🤖 AI Summary
This study investigates the dynamic evolution of gender bias during recursive synthetic data generation by large language models (LLMs). We find that bias does not monotonically amplify across generations but instead converges toward a dynamic equilibrium determined by the model’s intrinsic bias: low initial bias amplifies by 36% on average, whereas high initial bias attenuates by 26%. To mitigate this, we propose a contrastive augmentation–based debiasing strategy, achieving an average 91% reduction in gender bias on downstream tasks (up to 98.8%). Methodologically, we introduce a novel three-dimensional evaluation framework—comprising rule-based matching, embedding similarity, and downstream fairness—which reveals a significant misalignment between semantic similarity and fairness metrics. Our results demonstrate that bias evolution in synthetic data is inherently non-monotonic, underscoring the necessity of purpose-built recursive generation strategies to ensure data fairness.
📝 Abstract
Recursive prompting with large language models enables scalable synthetic dataset generation but introduces the risk of bias amplification. We investigate gender bias dynamics across three generations of recursive text generation using three complementary evaluation frameworks: rule-based pattern matching, embedding-based semantic similarity, and downstream task performance.
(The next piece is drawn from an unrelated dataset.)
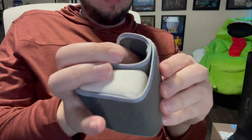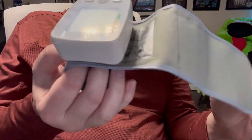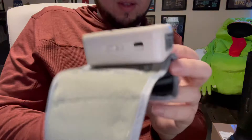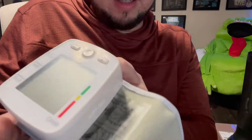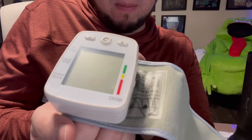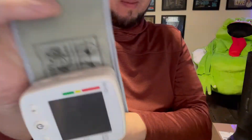Here is the cuff. Can you read this? It says 'wrist electronic sphygmomanometer.' So I don't know about this, but I'm just going to try it.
Experiments with three initial bias levels (0.1, 0.3, 0.6) and four mitigation strategies reveal equilibrium dynamics rather than monotonic amplification. The low initial bias amplifies toward the model's inherent bias level (+36%), whereas the high initial bias decays toward it (-26%). Among mitigation methods, contrastive augmentation, which introduces gender-swapped variants, achieves significant downstream bias reduction (98.8% for low initial bias and 91% on average) despite producing higher embedding-based bias scores. This paradox demonstrates that semantic similarity metrics may diverge from behavioral fairness outcomes, highlighting the need for multidimensional evaluation in responsible synthetic data generation.